By Karl Reiner
In these times of calls for undefined smaller government and resistance to rescinding tax cuts, many Americans forget the role played by government-private sector partnerships in developing the nation’s economy. In a country plagued by growing income inequality and aging infrastructure, the lessons from the past should not be ignored.
Over 150 years ago, there was a terrific need to improve communications between the eastern states and California. To remedy the problem, the federal government awarded a $600,000 per year contract to the Butterfield Overland Mail Company in September 1857. The contract was for six years.
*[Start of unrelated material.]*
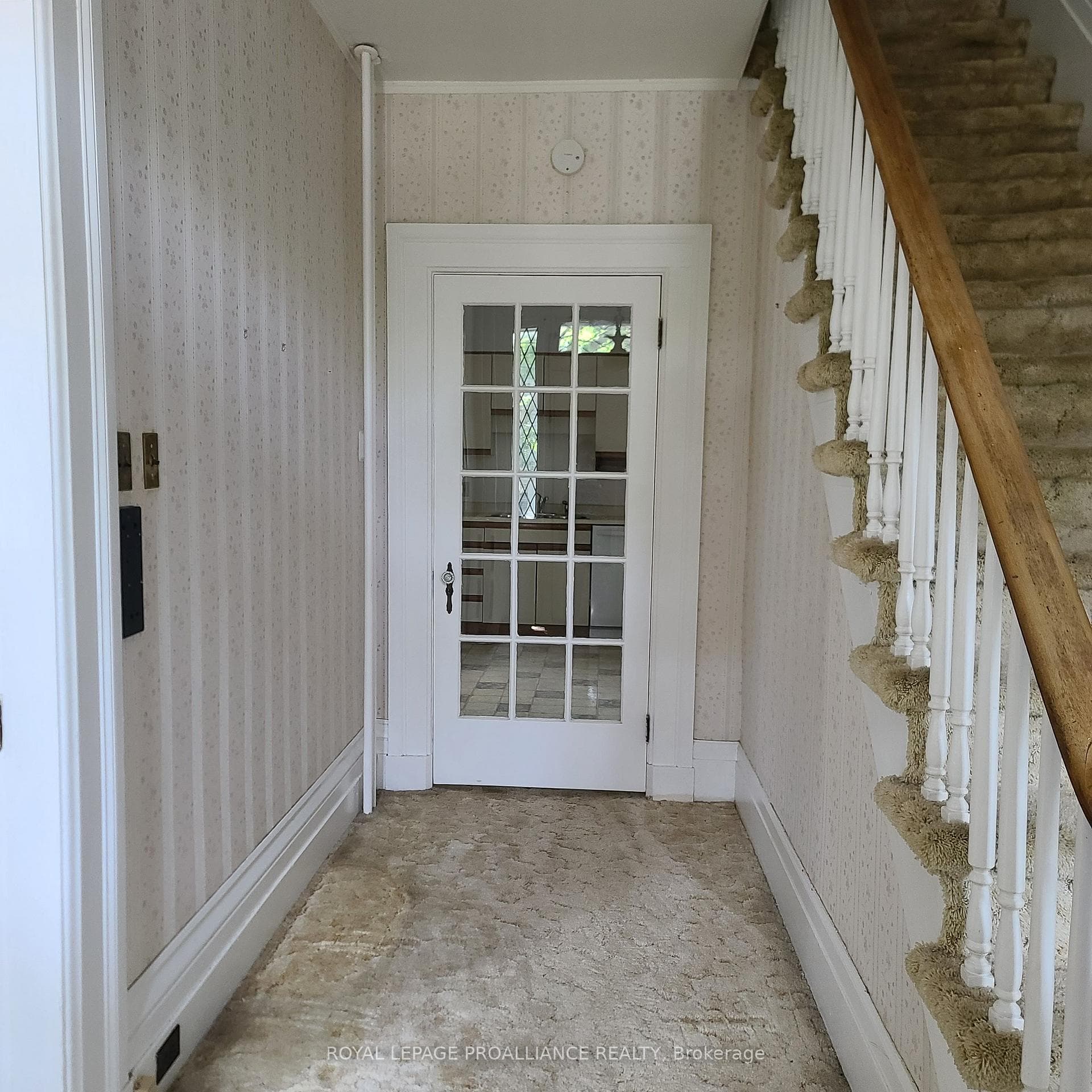 634 Henry Street photo 14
The Butterfield Company was responsible for moving mail twice a week between St. Louis, Memphis and San Francisco. Each trip had to be completed in 25 days. Service was to begin by September 1858. While the contract amount seems small by today’s standards, the dollar of the era had a purchasing power equal to approximately $22 in modern currency.
The company spent over a million dollars getting the route ready. Although existing roads were used whenever possible, bridges had to be built, ferry service lined up, creek banks cut down, mountain passes cleared and roads graded. Purchases included 250 Concord stagecoaches, supply wagons, 1,800 horses and mules and about 3,000 tons of hay and grain. Over 800 employees were hired as superintendents, road and station crews, drivers and guards.
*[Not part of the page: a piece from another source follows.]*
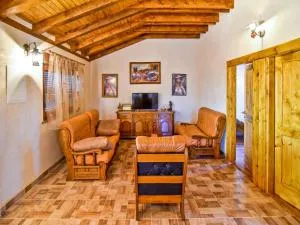 Haus-Anita-2-mit-Pool-fur-8-Personen - Bulić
It was a major achievement in logistical planning. The 2,800 mile route was divided into nine divisions, each containing a number of relay stations. Stations were built about 20 miles apart, close enough together so horses and mules would not be worn out. At each station, living quarters, stables, corrals and storage facilities were constructed. Supplies of hay, grain, firewood, spare teams and water were moved in.
Two or three men were employed at a station. They provided accommodations for stagecoach crews, animal care, blacksmith service and harness repair. Each stagecoach driver was responsible for a 60 mile route that he drove in both directions. The armed conductor riding with him was in charge of passengers and mail.
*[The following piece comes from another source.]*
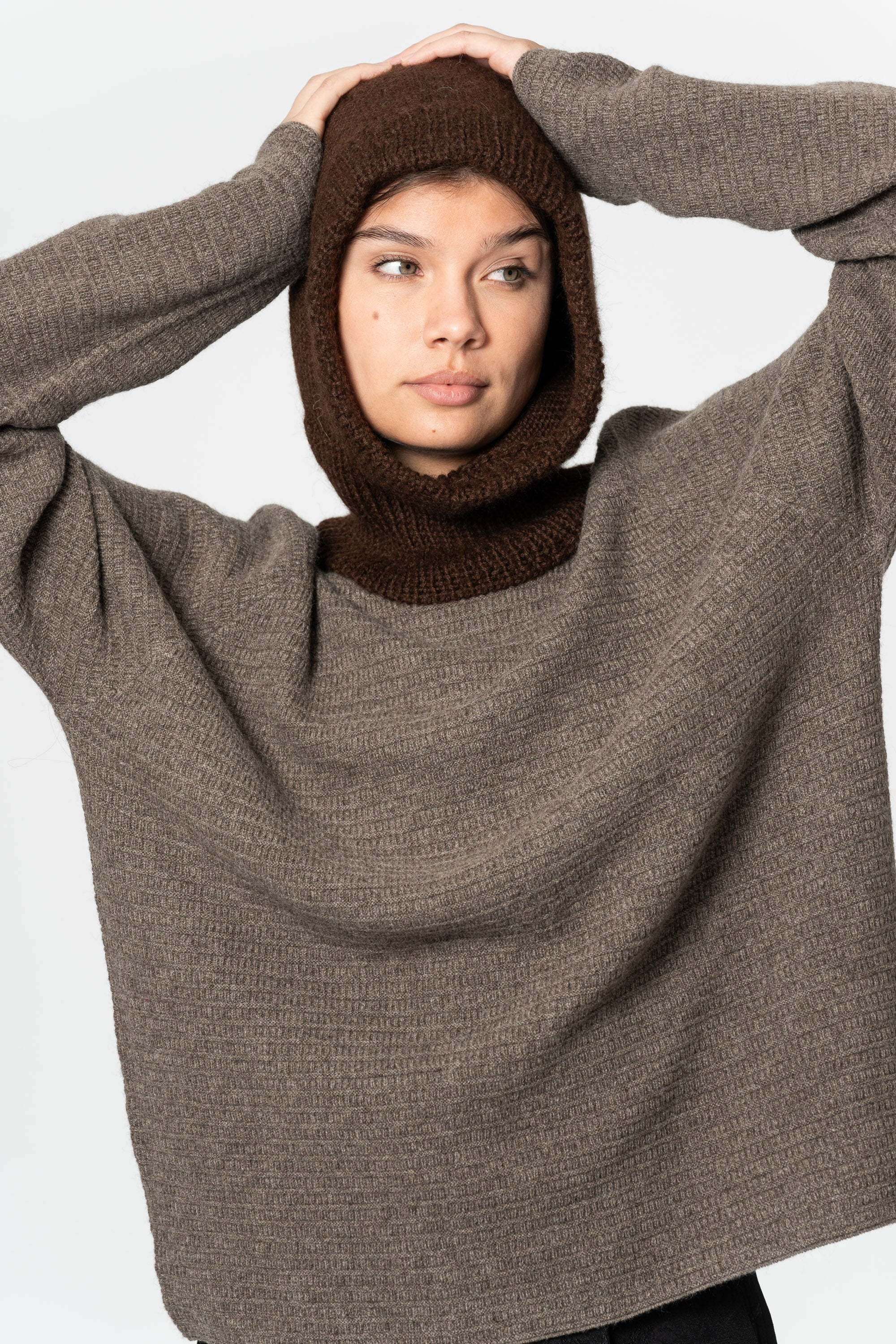 Dinadi Alpaca Handknit Balaclava / Coffee Brown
The eastern terminals were at St. Louis and Memphis, the routes joining at Ft. Smith, Arkansas. From St. Louis, the trip to Tipton, Missouri 160 miles to the west was by rail. At Tipton, everything transferred to stagecoach. Stages departed Tipton and San Francisco on Mondays and Thursdays carrying passengers, freight and up to 12,000 letters.
Depending on the terrain, stagecoaches were pulled by four or six horse teams. They ran night and day at an average speed of 5 mph, covering 120 miles per day. From Ft. Smith, the route ran down across Texas to El Paso, on to La Mesilla in the New Mexico Territory, then up to Tucson and over to Ft. Yuma. From Yuma, it ran to Los Angeles (population 6,000) and up to San Francisco.
The passenger fare for the full trip west was $200. Shorter distances could be traveled at 15 cents per mile. It was rough travel, with two quick stops per day for meals. Passengers were advised to bring a pair of blankets, revolver, knife and overcoat. If the stage got stuck, passengers helped push.
The first Butterfield mail stage departed Tipton in September 1858. It passed through Tucson on October 2, arriving in San Francisco on October 10. The run was made in 23 days and 23.5 hours. The east bound stage arrived in Tipton after a run of 24 days and 18.5 hours. As crews grew proficient, a 21 day record was set between Tipton and San Francisco.
The stagecoaches passed through Arizona twice a week on Sundays and Wednesdays. They entered Arizona from La Mesilla at Stein’s pass. There were 18-20 relay stations spread across what later became the state of Arizona. The beginning of the Civil War in 1861 forced the closing of the route, costing Tucson its mail service.
In the 1930s and 40s, Marjorie Reed travelled the Butterfield mail route making sketches which she later turned into an extensive series of paintings. A noted artist, her work is displayed in many museums. Reed’s celebrated stagecoach paintings are also a reminder that government support helped make things happen in the West.